Monday, May 28, 2012

"Memorial Day"

Karl F. Abrams
      The year my father spent in Vietnam, we moved to Danville, Illinois because Mom wanted to be closer to her family. My uncle, Bob Thompson, still lived in England in the 1960s, visiting the states once every few years. Uncle Bob left his small hometown in Illinois during WWII and ended up being a liaison officer between our military and the British forces. In the middle of all the bombing and deaths, all the struggles to survive, he fell in love—with the country. He rarely spoke of his role in the war but always recounted wonderful stories of the people he met. My other uncle, John Thompson, spun a tale for me when I asked about his scars. He said he parachuted behind enemy lines during the war, but the Germans shot him early in the battle. He told me how the soldiers checked for survivors, killing them if their wounds were too serious, or taking them as prisoners. He stated that he lost consciousness before the German’s came to him and that they left him for dead. He assured me our own soldiers rescued him when they regained the zone in battle. For all my life, I felt relief that my Uncle Red managed to survive for I loved him dearly. Who would have had the patience to teach me to whistle? Who would have treated me to A&W root beer floats? Who would have laughed at my silly jokes while I sat on his lap at family picnics?

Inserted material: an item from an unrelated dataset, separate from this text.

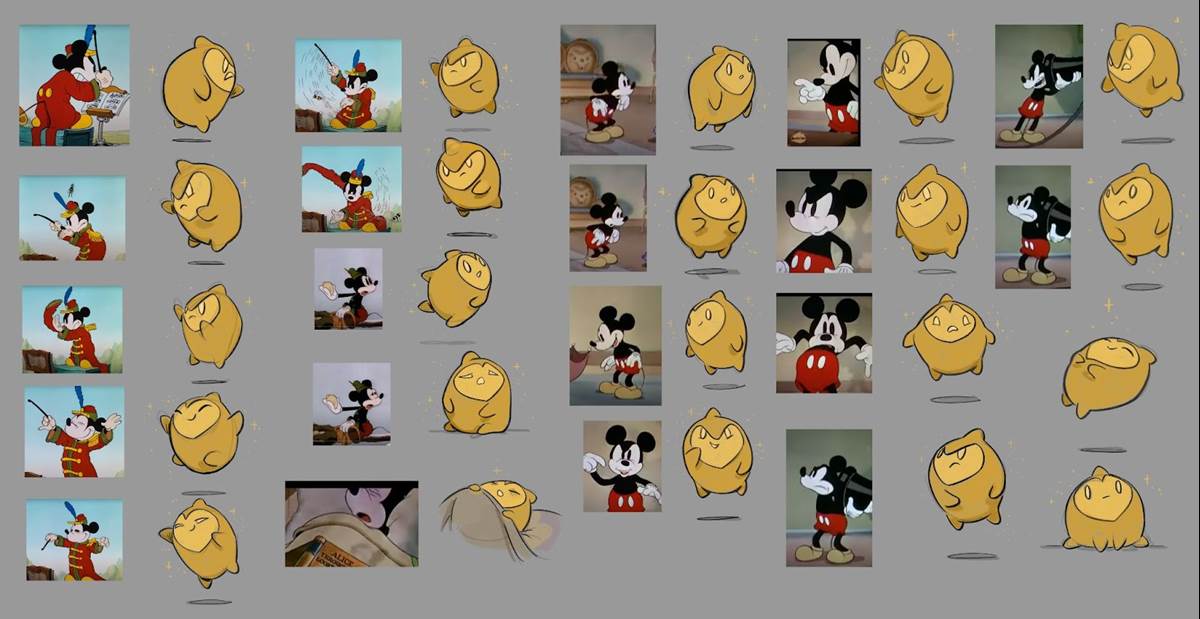 Visual development art of Star from Walt Disney Animation Studios' "Wish" by art director of characters, Bill Schwab. The artists found inspiration for Star's facial features from the mask found lining Mickey Mouse's face. (Disney)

    A few years ago, I learned more of Uncle Red’s story. The part he kept hidden from a nine-year-old child. The German troops didn’t mistake him for dead. They picked him up and imprisoned him in a Nazi P.O.W. camp. I don’t know if he didn’t want to answer the inquisitive questions of a child, or if he simply preferred not to mention this part of his life. I know both of my uncles down played war and its repercussions. I believe they tried to make it less frightful for us as we waited for Dad’s return from his own war.
      So when Memorial Day ceremonies play out on television, I think of the young man who carried scars into the night, and how he tried to protect me from my own fears as my father’s battle played across another ocean. Isn’t that the soldier’s way, to offer protection?
      Each of us has an Uncle Red or Uncle Bob, or other family members sent to distant shores because of the power of duty. Luck followed our family because each of these men returned home. Many families will spend today honoring those who didn’t survive. And I wonder about all the little girls who never learned how to whistle because their Uncle Red died on a battle field.